**PROBLEM DESCRIPTION**
If a line below falls between the line with "SUTENI G3 For" and the line with "Arm Phone Holder", or is one of those two, output it exactly; output nothing else and no pictures.

**DATA EXTRACT**
_____

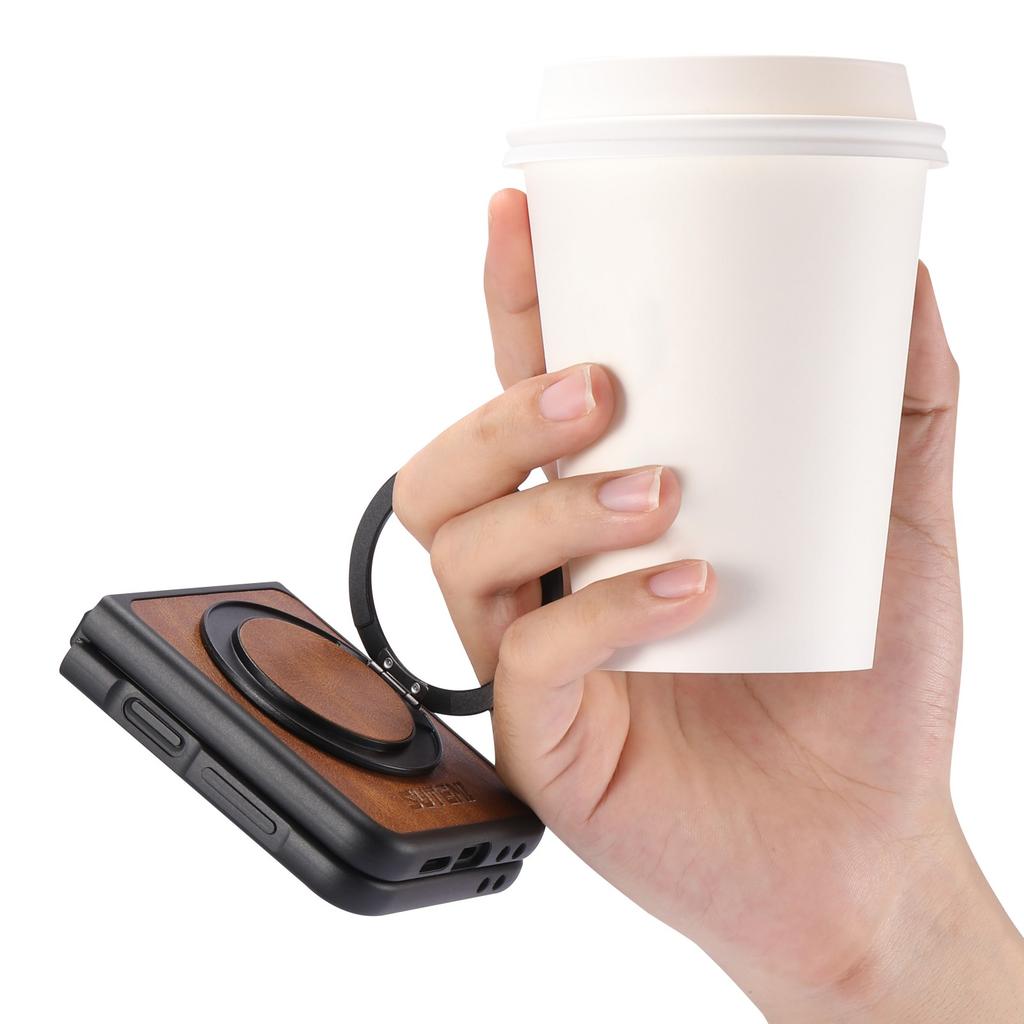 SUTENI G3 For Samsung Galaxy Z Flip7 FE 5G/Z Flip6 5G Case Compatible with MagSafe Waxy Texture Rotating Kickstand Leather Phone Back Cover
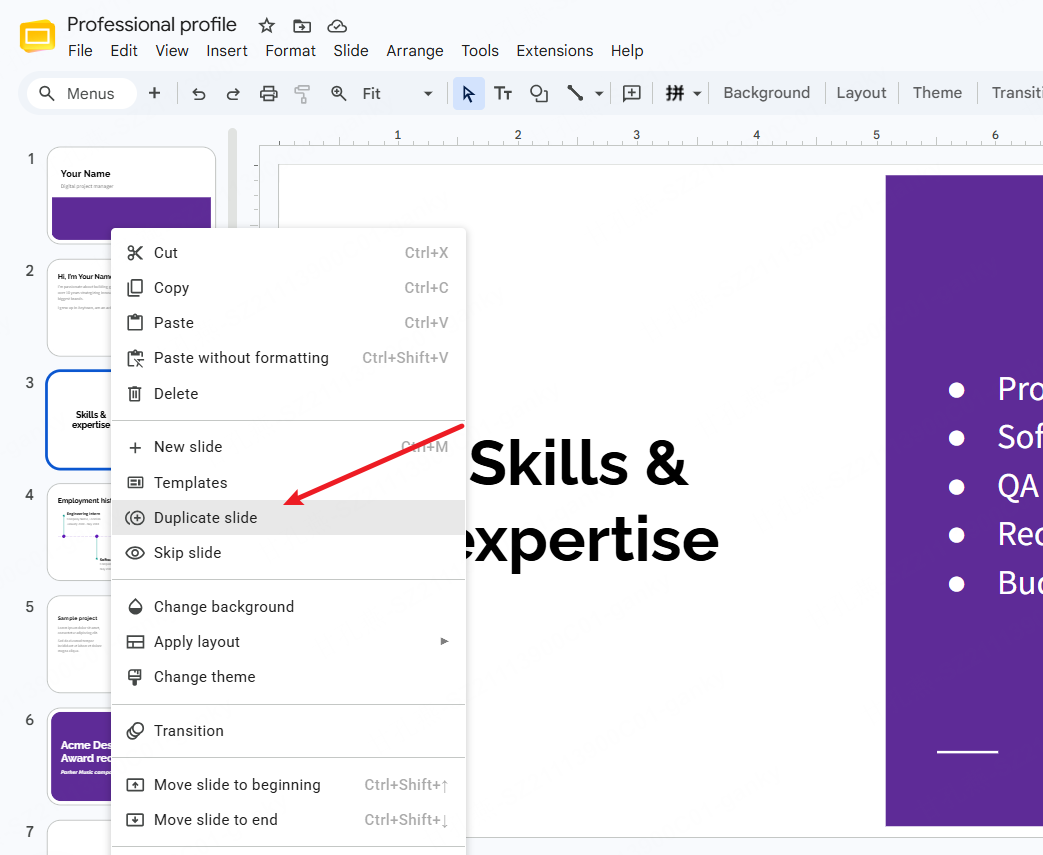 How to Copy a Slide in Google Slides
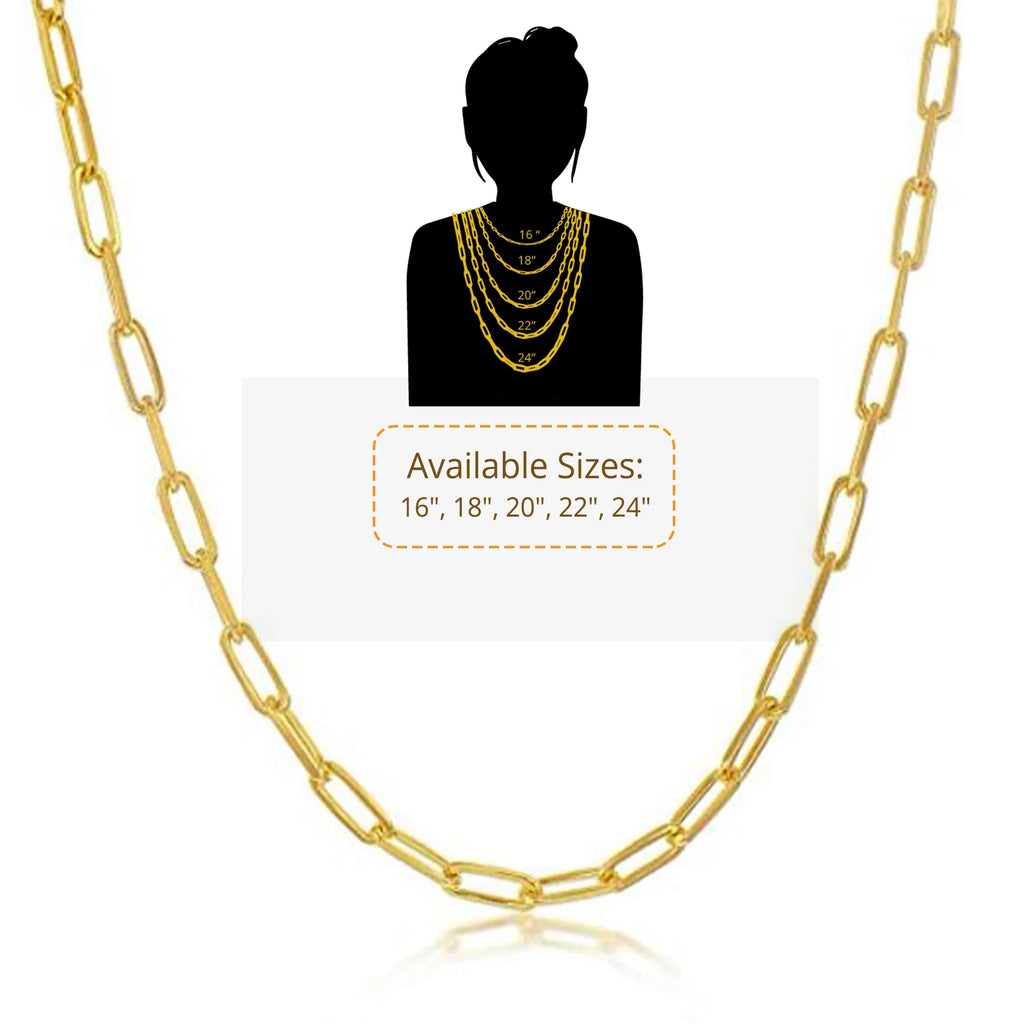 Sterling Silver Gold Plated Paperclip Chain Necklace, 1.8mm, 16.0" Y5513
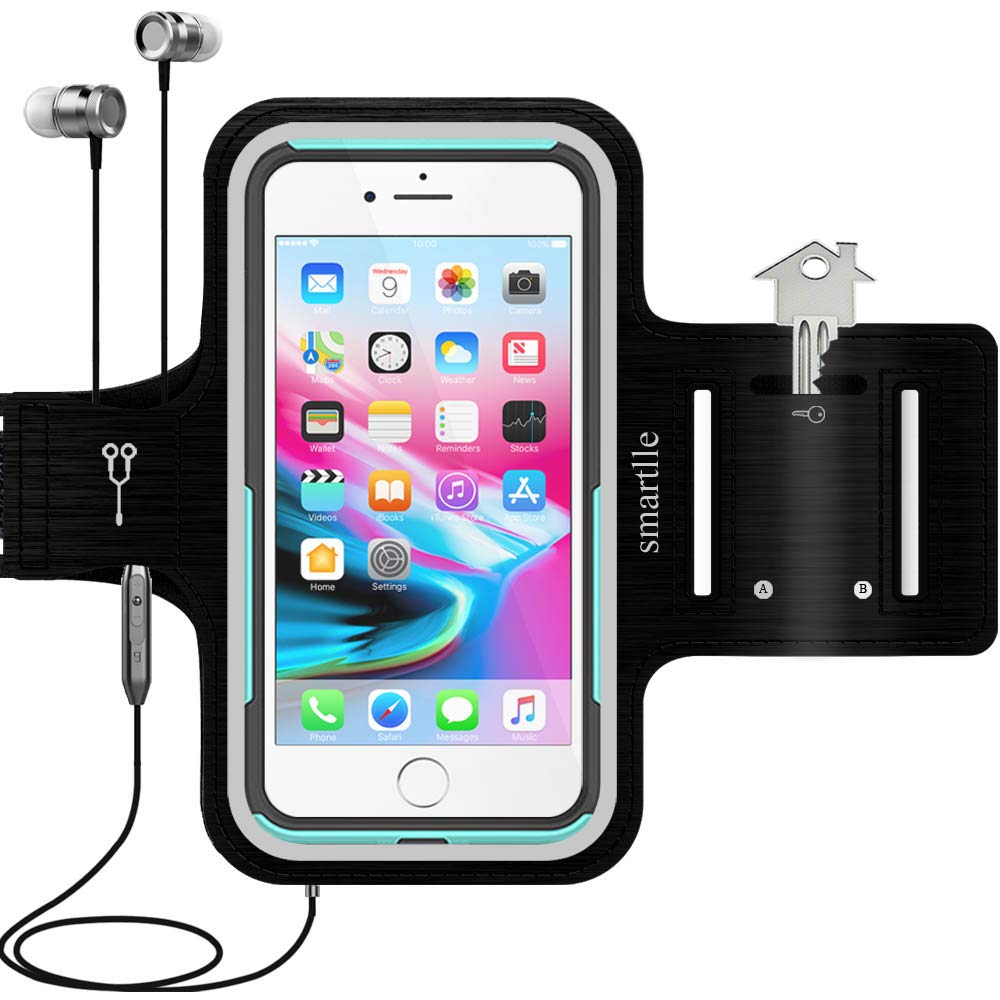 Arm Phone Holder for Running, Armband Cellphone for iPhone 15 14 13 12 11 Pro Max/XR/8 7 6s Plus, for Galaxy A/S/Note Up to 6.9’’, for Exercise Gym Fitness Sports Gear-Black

_____

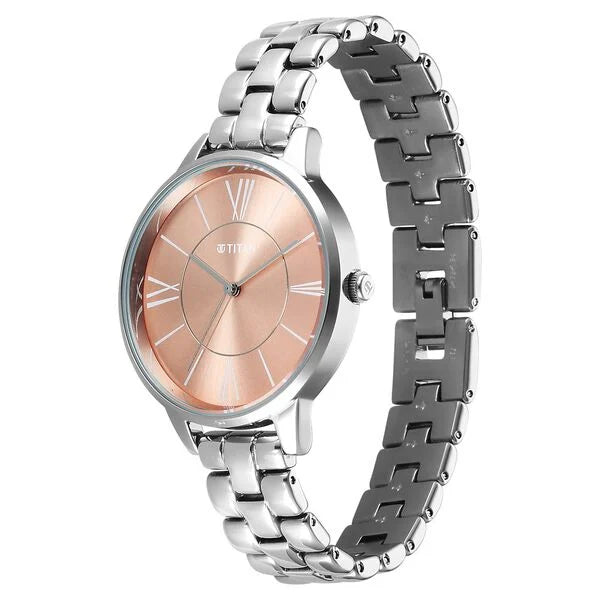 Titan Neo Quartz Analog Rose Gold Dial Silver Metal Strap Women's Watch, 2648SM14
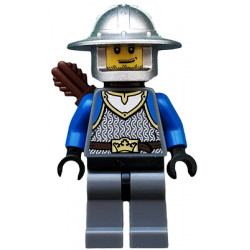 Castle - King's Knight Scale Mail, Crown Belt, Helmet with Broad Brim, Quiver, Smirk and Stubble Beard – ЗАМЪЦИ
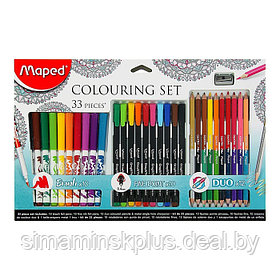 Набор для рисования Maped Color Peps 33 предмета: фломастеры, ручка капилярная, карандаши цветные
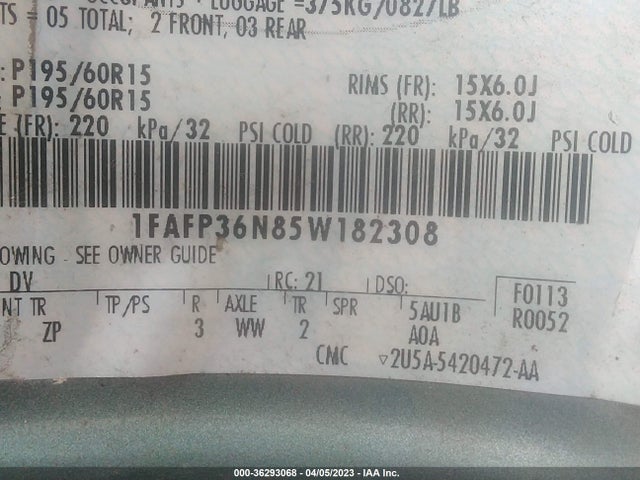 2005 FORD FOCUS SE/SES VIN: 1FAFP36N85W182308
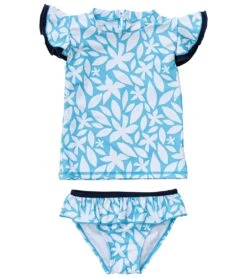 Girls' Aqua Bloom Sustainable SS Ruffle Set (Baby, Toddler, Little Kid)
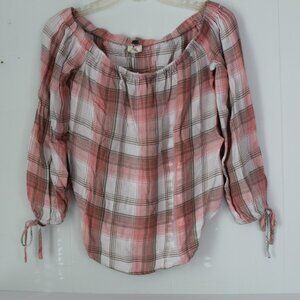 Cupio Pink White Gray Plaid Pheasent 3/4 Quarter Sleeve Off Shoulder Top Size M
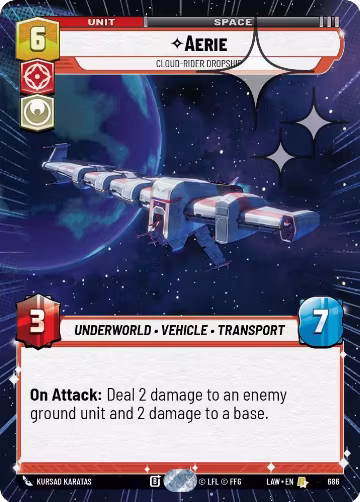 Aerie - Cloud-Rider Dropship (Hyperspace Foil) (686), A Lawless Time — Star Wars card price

_____

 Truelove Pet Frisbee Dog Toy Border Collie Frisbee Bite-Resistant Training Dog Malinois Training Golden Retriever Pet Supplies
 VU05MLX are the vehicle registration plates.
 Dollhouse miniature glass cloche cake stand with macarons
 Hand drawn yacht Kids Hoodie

_____

**YOUR SOLUTION**
 SUTENI G3 For Samsung Galaxy Z Flip7 FE 5G/Z Flip6 5G Case Compatible with MagSafe Waxy Texture Rotating Kickstand Leather Phone Back Cover
 How to Copy a Slide in Google Slides
 Sterling Silver Gold Plated Paperclip Chain Necklace, 1.8mm, 16.0" Y5513
 Arm Phone Holder for Running, Armband Cellphone for iPhone 15 14 13 12 11 Pro Max/XR/8 7 6s Plus, for Galaxy A/S/Note Up to 6.9’’, for Exercise Gym Fitness Sports Gear-Black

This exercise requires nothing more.